Aucun accord n’est exempt de perplexité. Il ne l’est pas, à plus forte raison, quand ses clauses demeurent secrètes… On peut toujours élaborer de subtiles conjectures, mais le mieux est de confronter les espoirs affichés a priori aux faits survenus après sa signature. Le texte équilibré mais documenté qui suit, est dû au Père Peter – nous n’avons pas besoin d’en savoir plus sur son identité… –, prêtre catholique en Chine populaire. Il résume les dix points saillants qui ont marqué l’Église catholique en Chine en 2018.

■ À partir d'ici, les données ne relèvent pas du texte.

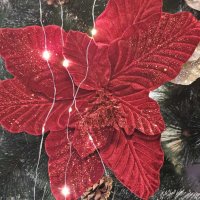Коледна звезда декорация за елха Classic Christmas, снимка 1 - Декорация за дома - 43500251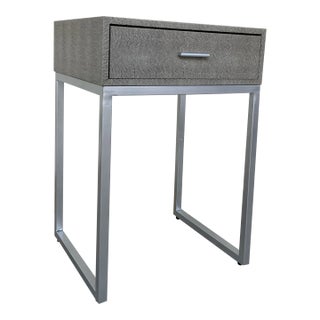 Modern Gray Faux Shagreen Side Table For Sale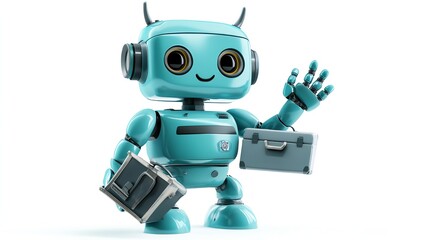 Fototapeta premium Friendly blue robot holding a toolbox and waving.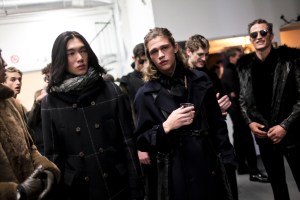 Backstage at Emporio Armani Men's Fall 2017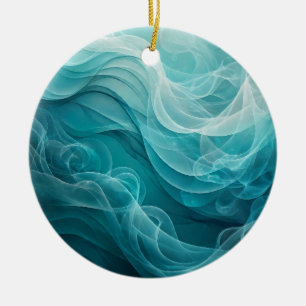Teal Blue Sea Sky Swirly Dreamy Ceramic Ornament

Pour le catholicisme en Chine, 2018 fut probablement une année exceptionnelle. Bien que l’espoir ait grandi chez certains, la tristesse l’a emporté chez beaucoup d’autres. Le Saint-Siège y a apparemment vu un considérable progrès au plan politique mais, pour les catholiques qui vivent en Chine il n’y a eu aucune ouverture réelle pour ce qui est de la pratique de leur foi. Pour le catholicisme en Chine, le chemin à parcourir est encore long.
1. Démolition de croix et campagnes de répression religieuse dans toute la Chine.
C’est un fait connu que la diffusion du catholicisme en Chine a toujours rencontré des difficultés et de l’hostilité, mais en une époque de mondialisation entendre parler de persécution contre l’Église catholique et de destruction de croix est vraiment attristant. La Croix est le symbole par excellence de la foi catholique et donc, pour les fidèles, l’enlèvement d’une croix est une douloureuse gifle en pleine figure. Face à cela que peuvent faire d’autres les chrétiens que de prier en silence?
2. Bibles interdites de vente sur les sites marchands en Chine.
La Bible n’est pas seulement le pilier de la foi catholique, elle le livre le plus vendu au monde. Dans le passé, il était possible d’acheter sans encombre une Bible sur Internet mais désormais c’est une chose totalement interdite, ce qui en étonne beaucoup. La culture religieuse est un des principaux facteurs du développement humain. Au lieu d’être respectée et promue, elle est interdite. C’est déconcertant. Comment expliquer une telle décision autrement que d’y voir une tentative de bloquer le développement de la nation chinoise?
3. «Aimez le pays, aimez le parti» s’infiltre dans l’Église. L’Armée rouge des évêques se réunit à Jing Gang Shan 1 pour se former.
Quand Jésus enseignait le monde, il eut cette formule célèbre: «Rendez à César ce qui est à César, et à Dieu ce qui est à Dieu.» Le but de la religion est d’élever spirituellement et d’élever l’âme. Le clergé catholique doit connaître sa propre identité et sa propre mission. Toutefois, des évêques et des prêtres “rouges”, afin de manifester leur foi patriotique, ont été heureux de revêtir des uniformes de l’Armée rouge à Jing Gang Shan, ce qui a été un motif de confusion chez bien des gens. Derrière ces évêques se tenaient des moines portant leur habit religieux, ce qui a plutôt réveillé un sentiment d’attachement à la religion dans le peuple.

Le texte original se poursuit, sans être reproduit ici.